Addressing Demand

No Buyer = No Victim = No Sex Trafficking

No Buyer
No Victim
No Sex Trafficking

At its core, sex trafficking is fueled by the basic principle of supply and demand. Traffickers make enormous profits by selling vulnerable human beings for sex (this is the ‘supply’). They can do this because there are willing buyers seeking to pay for sex (this is the ‘demand’). If no one purchased sex acts, viewed pornography, subscribed to live sex cams or engaged in promoting the commercial sex world altogether, our epidemic of girls, boys, women and men trafficked for sex would be gone.

The sex trade exploits survivors of child sexual abuse. 

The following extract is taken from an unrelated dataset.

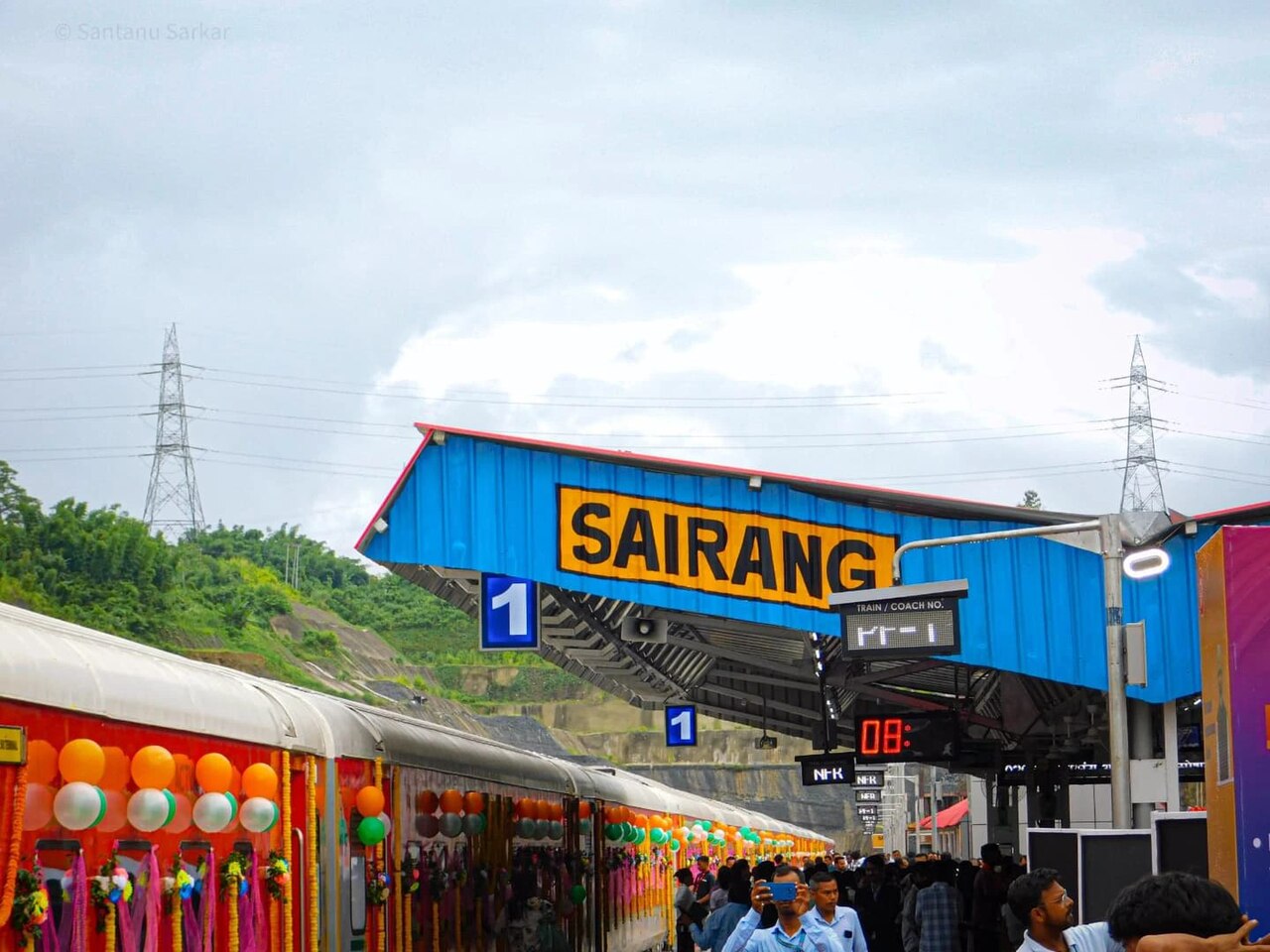 Silchar–Sairang Passenger Train Begins Feb 20 Passenger Train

Studies have found that 80 percent of prostituted women in Canada and 82 percent in the U.S. were sexually abused as children. Forty-seven to fifty percent of prostituted people entered the sex trade before the age of 18.

Source: Pimp State by Kat Banyard

Purchasing sex is not ‘normal male behavior.’

Most sex buyers are men, but most men don’t buy sex. In any given year, only six percent of men purchase sex. Twenty-five percent of sex buyers purchase frequently, accounting for nearly 75 percent of transactions. This means there is an opportunity for the 94 percent of men who do not purchase sex to speak up.

Violence is extremely common in prostitution.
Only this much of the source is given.